* **DATA PROVIDED**
____________
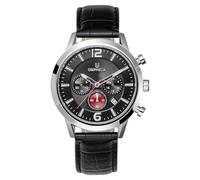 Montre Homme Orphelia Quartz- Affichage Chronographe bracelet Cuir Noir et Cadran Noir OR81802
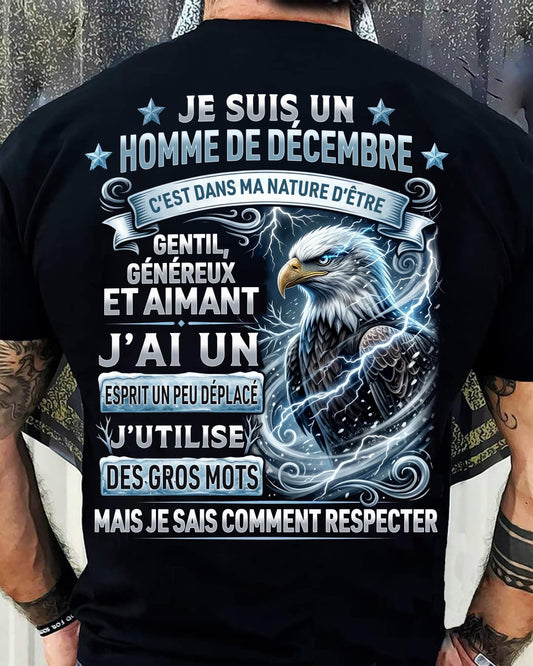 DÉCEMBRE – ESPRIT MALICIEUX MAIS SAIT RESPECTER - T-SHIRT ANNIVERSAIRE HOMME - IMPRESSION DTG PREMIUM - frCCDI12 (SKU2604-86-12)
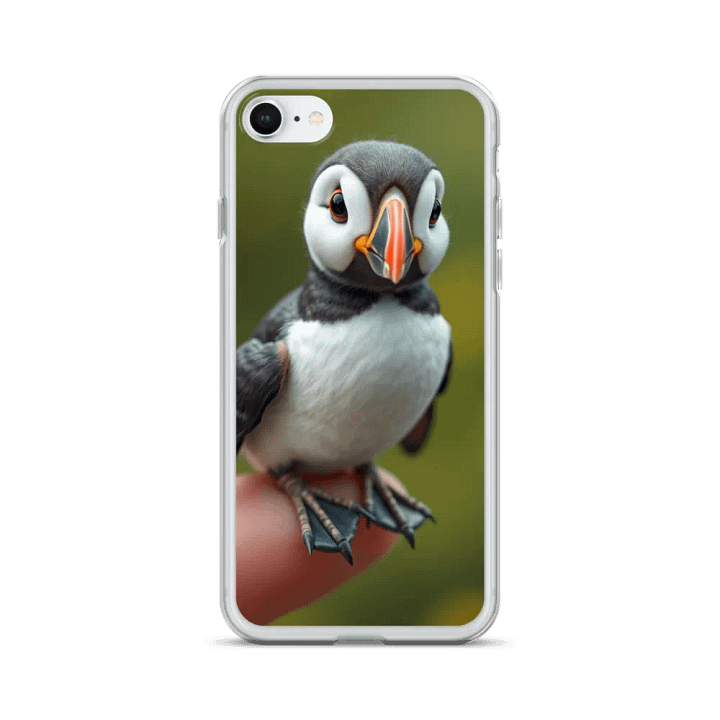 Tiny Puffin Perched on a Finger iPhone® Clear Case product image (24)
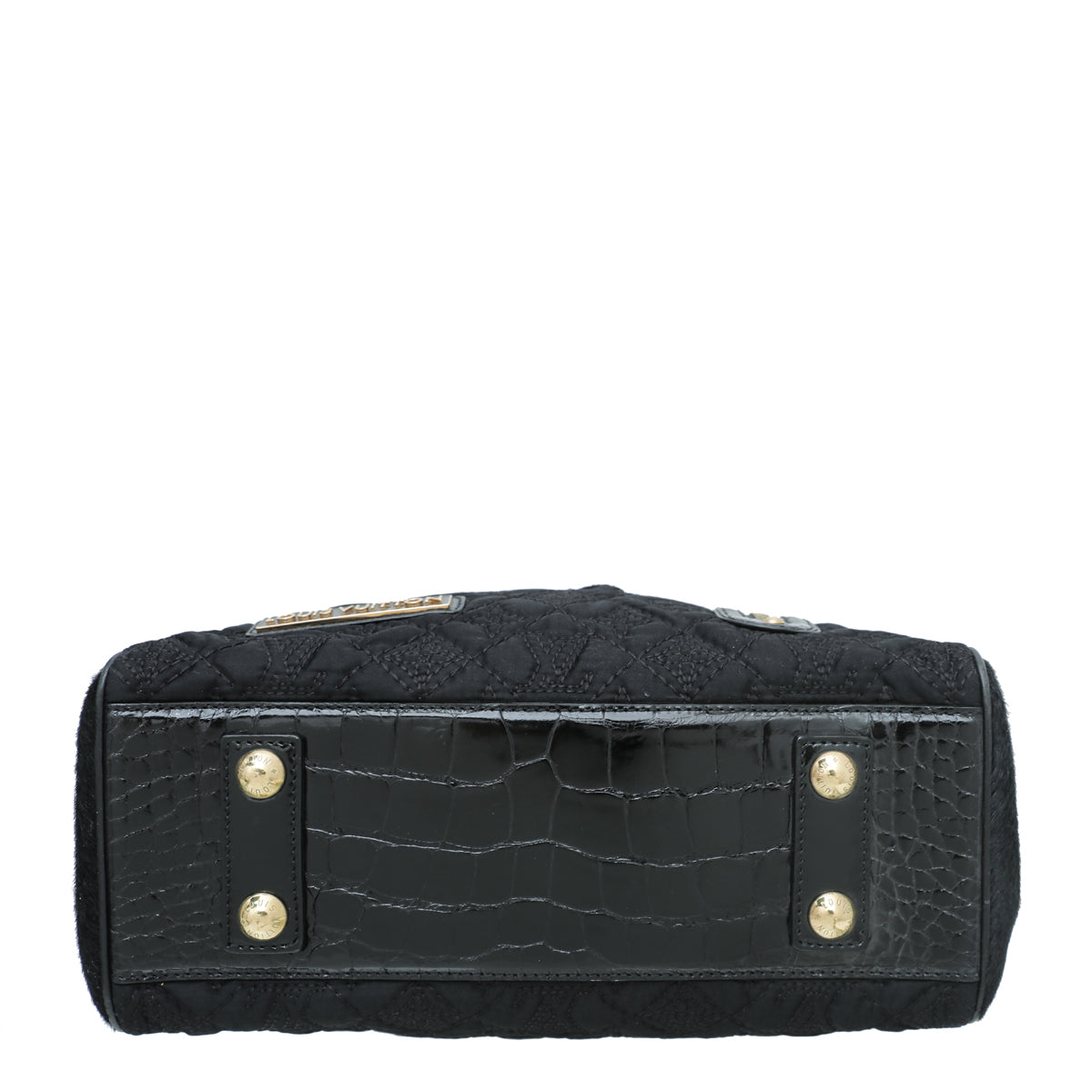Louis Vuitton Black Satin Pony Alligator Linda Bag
____________
* **PROMPT**
Give the data again exactly, image-free.

* **RESULT**
 Montre Homme Orphelia Quartz- Affichage Chronographe bracelet Cuir Noir et Cadran Noir OR81802
 DÉCEMBRE – ESPRIT MALICIEUX MAIS SAIT RESPECTER - T-SHIRT ANNIVERSAIRE HOMME - IMPRESSION DTG PREMIUM - frCCDI12 (SKU2604-86-12)
 Tiny Puffin Perched on a Finger iPhone® Clear Case product image (24)
Louis Vuitton Black Satin Pony Alligator Linda Bag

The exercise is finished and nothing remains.